The Bal des Ardents (Ball of the Burning Men[1]), or the Bal des Sauvages[2] (Ball of the Wild Men), was a masquerade ball[note 1] held on 28 January 1393 in Paris, France, at which King Charles VI had a dance performance with five members of the French nobility. Four of the dancers were killed in a fire caused by a torch brought in by Louis I, Duke of Orléans, the king's brother.
The ball was one of a series of events organised to entertain Charles, who suffered an attack of insanity in the previous summer of that year. The circumstances of the fire undermined confidence in the king's capacity to rule; Parisians considered it proof of courtly decadence and threatened to rebel against the more powerful members of the nobility.

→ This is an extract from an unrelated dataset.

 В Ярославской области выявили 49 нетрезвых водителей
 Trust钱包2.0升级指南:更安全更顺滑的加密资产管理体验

The public's outrage forced Charles and his brother Orléans, whom a contemporary chronicler accused of attempted regicide and sorcery, to offer penance for the event.

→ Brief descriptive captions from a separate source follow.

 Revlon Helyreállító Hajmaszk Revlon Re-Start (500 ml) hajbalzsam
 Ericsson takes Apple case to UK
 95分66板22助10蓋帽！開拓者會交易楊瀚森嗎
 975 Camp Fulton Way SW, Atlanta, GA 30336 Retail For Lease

Charles' wife, Isabeau of Bavaria, held the ball to honor the remarriage of a lady-in-waiting. Scholars believe the dance performed at the ball had elements of traditional charivari,[3] with the dancers disguised as wild men, mythical beings often associated with demonology, that were commonly represented in medieval Europe and documented in revels of Tudor England. The event was chronicled by contemporary writers such as the Monk of St Denis and Jean Froissart, and illustrated in 15th-century illuminated manuscripts by painters such as the Master of Anthony of Burgundy. The incident later provided inspiration for Edgar Allan Poe's short story "Hop-Frog."